OMS pede 15 mil milhões de dólares para manter iniciativa de vacinas

Para já, em contactos com indústria farmacêutica, estão assegurados 850 milhões de uma vacina que por enquanto ainda não existe.

A Organização Mundial da Saúde (OMS) pediu hoje 15 mil milhões de dólares para manter em funcionamento o seu plano de em 2021 ter dois mil milhões de doses de uma vacina para a covid-19 que ainda não existe.

Em conferência de imprensa a partir da sede daquela agência das Nações Unidas, em Genebra, o secretário-geral, Tedros Ghebreyesus, afirmou que é preciso "um aumento significativo dos compromissos políticos e financeiros" dos países do mundo na iniciativa COVAX, que visa conseguir uma distribuição equitativa de vacinas para a covid-19.

"Não é garantido que qualquer vacina em particular, das que estão em desenvolvimento, funcione.
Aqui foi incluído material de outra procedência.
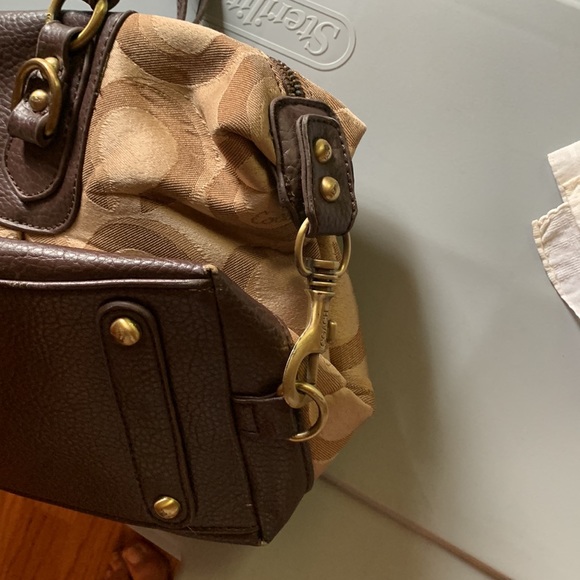 Coach - Picture 3 of 6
Quantas mais candidatas testarmos, mais hipóteses de conseguir uma que é segura e eficaz", declarou, indicando que há "quase 200 nas fases clínica e pré-clínica de testagem".

Tedros Ghebreyesus assumiu que "algumas terão sucesso, outras falharão", enquanto o coordenador da COVAX, Seth Berkley, referiu que "a taxa de insucesso [para vacinas em fase de testes clínicos] é bastante alta" e que cerca de quatro em cinco costumam falhar.
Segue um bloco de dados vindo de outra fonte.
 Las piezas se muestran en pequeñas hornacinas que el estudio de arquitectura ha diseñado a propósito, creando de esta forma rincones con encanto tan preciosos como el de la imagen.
Para a iniciativa ACT (que visa acelerar a testagem e produção de testes de diagnóstico, terapias e vacinas para a covid-19), há três mil milhões de dólares com que os países aderentes já se comprometeram, mas o total necessário estimado pela OMS é 38 mil milhões de dólares.
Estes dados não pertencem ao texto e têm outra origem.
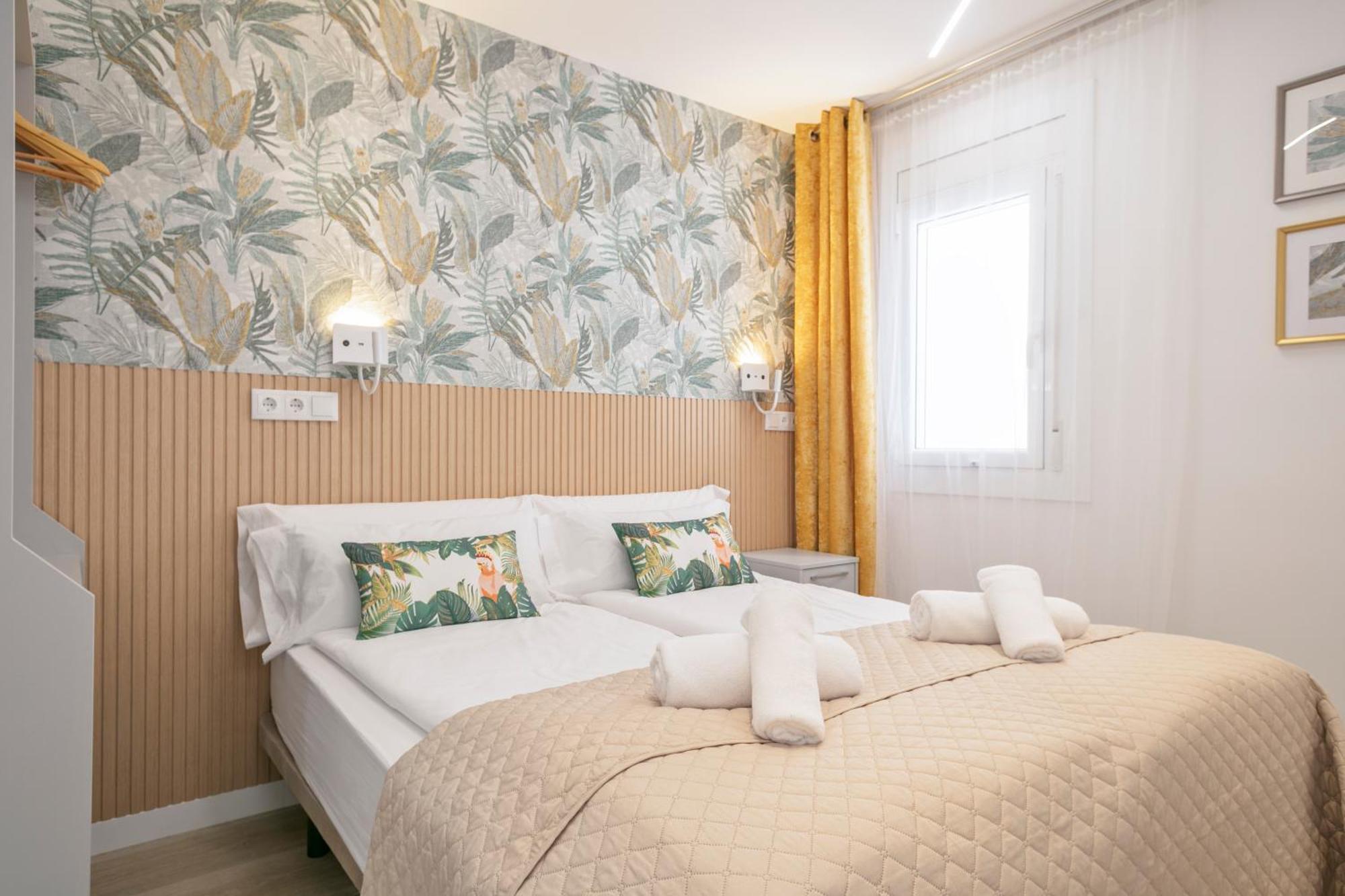 Boutique Plaza Catalonia Suites Cornella Cornellà de Llobregat Buitenkant foto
Tedros Ghebreyesus afirmou que "15 mil milhões são imediatamente necessários" para manter a funcionar a COVAX, uma iniciativa a que aderiram 64 países considerados como de rendimentos mais elevados (entre os quais Portugal integrado nos 29 da "Equipa Europa" que participam com o impulso da Comissão Europeia).

A estes juntam-se 92 países com economias menos robustas.

Para já, em contactos com indústria farmacêutica, estão asseguradas 850 milhões de uma vacina que por enquanto ainda não existe.

O dinheiro, quando chegar, servirá para continuar a fazer "acordos formais" com empresas para atingir a meta dos dois mil milhões de doses.